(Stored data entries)
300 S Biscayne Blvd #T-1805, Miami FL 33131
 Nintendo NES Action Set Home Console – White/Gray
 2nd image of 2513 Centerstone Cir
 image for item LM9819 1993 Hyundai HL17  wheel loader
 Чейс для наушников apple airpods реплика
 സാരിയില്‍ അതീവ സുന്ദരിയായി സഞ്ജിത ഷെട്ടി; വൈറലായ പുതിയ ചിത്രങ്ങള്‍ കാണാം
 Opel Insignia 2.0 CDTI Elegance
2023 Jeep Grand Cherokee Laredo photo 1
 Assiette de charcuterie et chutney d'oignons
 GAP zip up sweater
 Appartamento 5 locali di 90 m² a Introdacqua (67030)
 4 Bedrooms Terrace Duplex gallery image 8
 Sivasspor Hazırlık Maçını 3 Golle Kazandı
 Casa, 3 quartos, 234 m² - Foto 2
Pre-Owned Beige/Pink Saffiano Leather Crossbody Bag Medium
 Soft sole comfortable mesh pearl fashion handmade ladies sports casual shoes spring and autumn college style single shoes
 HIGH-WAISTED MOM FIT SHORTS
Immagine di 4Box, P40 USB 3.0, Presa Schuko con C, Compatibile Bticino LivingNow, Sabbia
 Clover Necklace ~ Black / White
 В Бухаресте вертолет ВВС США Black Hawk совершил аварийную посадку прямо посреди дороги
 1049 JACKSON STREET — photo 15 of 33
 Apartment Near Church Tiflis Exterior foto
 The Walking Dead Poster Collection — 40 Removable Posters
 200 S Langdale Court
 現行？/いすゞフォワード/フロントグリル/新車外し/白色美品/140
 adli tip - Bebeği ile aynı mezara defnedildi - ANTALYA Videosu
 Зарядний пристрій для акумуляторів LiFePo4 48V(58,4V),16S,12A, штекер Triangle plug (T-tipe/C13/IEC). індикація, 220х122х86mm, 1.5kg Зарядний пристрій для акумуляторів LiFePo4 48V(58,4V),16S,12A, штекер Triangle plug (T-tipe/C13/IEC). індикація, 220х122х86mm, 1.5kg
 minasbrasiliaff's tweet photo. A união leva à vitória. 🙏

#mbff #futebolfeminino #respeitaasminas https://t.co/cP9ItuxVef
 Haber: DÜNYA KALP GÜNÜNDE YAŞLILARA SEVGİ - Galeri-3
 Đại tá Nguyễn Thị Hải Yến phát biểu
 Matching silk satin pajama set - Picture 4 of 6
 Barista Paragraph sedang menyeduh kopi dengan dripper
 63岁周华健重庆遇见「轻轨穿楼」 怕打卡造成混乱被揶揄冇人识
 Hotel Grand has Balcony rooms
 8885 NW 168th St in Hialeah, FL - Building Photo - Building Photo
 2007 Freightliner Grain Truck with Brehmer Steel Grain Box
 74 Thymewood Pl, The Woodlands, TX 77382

[Action item] Beginning with the first line above, could you copy every line exactly, up to and including the one with "Sivasspor Hazırlık Maçını 3 Golle Kazandı"?

[Exercise result]
300 S Biscayne Blvd #T-1805, Miami FL 33131
 Nintendo NES Action Set Home Console – White/Gray
 2nd image of 2513 Centerstone Cir
 image for item LM9819 1993 Hyundai HL17  wheel loader
 Чейс для наушников apple airpods реплика
 സാരിയില്‍ അതീവ സുന്ദരിയായി സഞ്ജിത ഷെട്ടി; വൈറലായ പുതിയ ചിത്രങ്ങള്‍ കാണാം
 Opel Insignia 2.0 CDTI Elegance
2023 Jeep Grand Cherokee Laredo photo 1
 Assiette de charcuterie et chutney d'oignons
 GAP zip up sweater
 Appartamento 5 locali di 90 m² a Introdacqua (67030)
 4 Bedrooms Terrace Duplex gallery image 8
 Sivasspor Hazırlık Maçını 3 Golle Kazandı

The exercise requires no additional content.